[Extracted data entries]
____

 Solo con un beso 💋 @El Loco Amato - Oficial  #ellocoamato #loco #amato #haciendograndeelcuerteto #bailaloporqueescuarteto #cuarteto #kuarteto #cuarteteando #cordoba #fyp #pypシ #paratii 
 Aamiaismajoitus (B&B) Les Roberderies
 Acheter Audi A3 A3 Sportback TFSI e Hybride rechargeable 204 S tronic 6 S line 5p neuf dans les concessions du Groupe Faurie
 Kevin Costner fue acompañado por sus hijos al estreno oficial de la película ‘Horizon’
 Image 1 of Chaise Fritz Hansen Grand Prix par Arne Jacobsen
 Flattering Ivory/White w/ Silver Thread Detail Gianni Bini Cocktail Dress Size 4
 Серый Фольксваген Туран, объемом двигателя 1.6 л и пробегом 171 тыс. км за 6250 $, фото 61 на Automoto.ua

____

### ASSIGNED TASK
Starting with the line that contains "Flattering Ivory/White w/", restate every line up to and including the last one above, exactly.

### SOLUTION FOR THIS PROBLEM
 Flattering Ivory/White w/ Silver Thread Detail Gianni Bini Cocktail Dress Size 4
 Серый Фольксваген Туран, объемом двигателя 1.6 л и пробегом 171 тыс. км за 6250 $, фото 61 на Automoto.ua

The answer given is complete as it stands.